The fundamental idea is similar to a graph of the audio waveform; where there are evenly-spaced divisions on the horizontal “X” axis that represent time, and evenly spaced divisions on the vertical “Y” axis that represent amplitude. The amplitude typically corresponds to the voltage of the input analog waveform because a voltage waveform is how the analog audio waveform is represented and transmitted between most audio devices. Each time division represents one “clock cycle” at the sample frequency; which corresponds to the time at which the analog signal is either sampled by the AD converter during recording or the time at which the sampled voltage is reproduced by the DA converter during playback.


Similar to the cases of film or video recording and playback; the accuracy of both the divisions in the horizontal and vertical scales (time domain and [[amplitude domain) is directly related to the accuracy of the reproduction (reconstruction) of the original analog audio signal. Due to both the differences between visual and auditory perception as well as the large difference in the frequency at which the information is sampled; the perceived results of variations in the time domain is quite different for digital audio than for film or video. In the case of film or video; the picture may still appear to be the same color or in focus; but the motion will be uneven or start and stop. In digital audio the effects can be much more subtle in nature and can be perceived as changes to the “color” of the sound or lack of clarity (analogous to visual “focus”).

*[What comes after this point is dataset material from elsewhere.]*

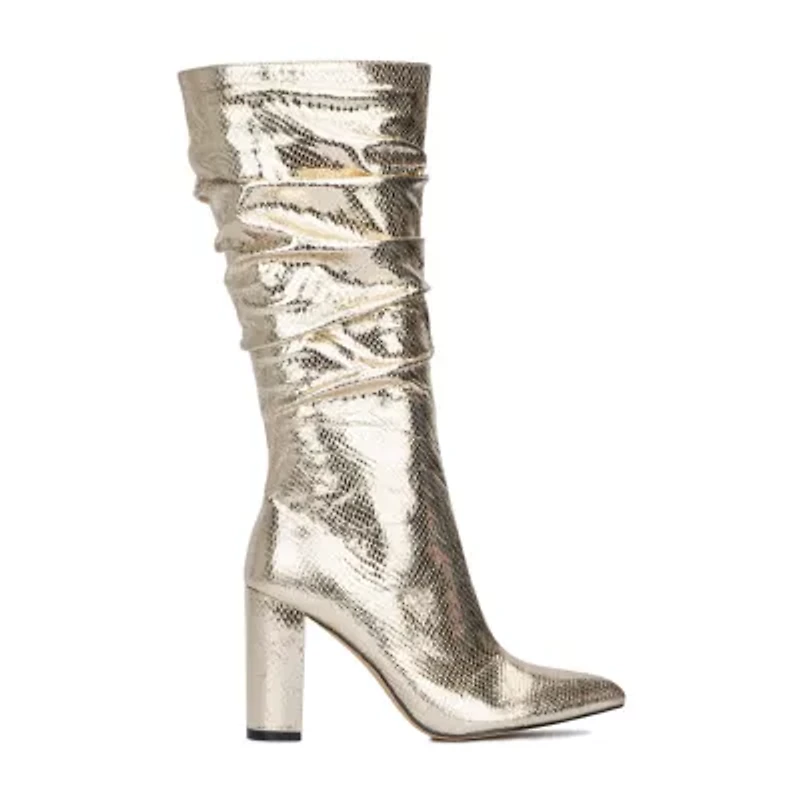 New York & Company Womens Earla Block Heel Slouch Boots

This form of encoding is referred to as "linear" because each division of the time and amplitude domain is equal in size. The advantage of this approach is that it can greatly simplify the encoding, decoding, and processing of the audio signal with very high accuracy. The primary disadvantage is that it requires the same amount of storage space or bandwidth to represent no signal as to represent a "full-scale" (full volume) signal. The same amount of information in the time domain (number of samples) is also required to encode a slowly changing signal (bass frequencies) as to accurately encode the highest frequency (typically 20kHz for music recording).

Non-linear encoding offers advantages in this regard as the amount of data can vary depending on factors such as amplitude and frequency content of the input signal. On example of this type of encoding is perceptual coding used to make mp3 files. This type of encoding is also referred to as “lossy data compression” as versus “lossless data compression” employed in systems like “zipped files” or “compressed folders.” Lossless data compression retains all of the original information which means the original file can be perfectly reconstructed from the compressed file. Lossy compression by definition discards some of the original information that is deemed to be “unimportant” to generating an approximation of the original information that is “close enough” to be perceived as “the same” or in the case of telephone communications; so the speech is recognizable by the listener. The primary advantage is reduced file size or bandwidth required to store or transmit the information.

Reduced file size is the primary reason why mp3 became popular as a file format for downloading music file from the internet for playback on computer and portable devices. With the rapid increase in the capacity of low-cost memory and available bandwidth, more audio enthusiasts are adopting lossless file formats for their personal music applications. Most lossless file formats are used to compress PCM encoded digital audio; so unlike lossy compression files, the data that results from decoding a lossless file is virtually identical to the data in the original PCM file.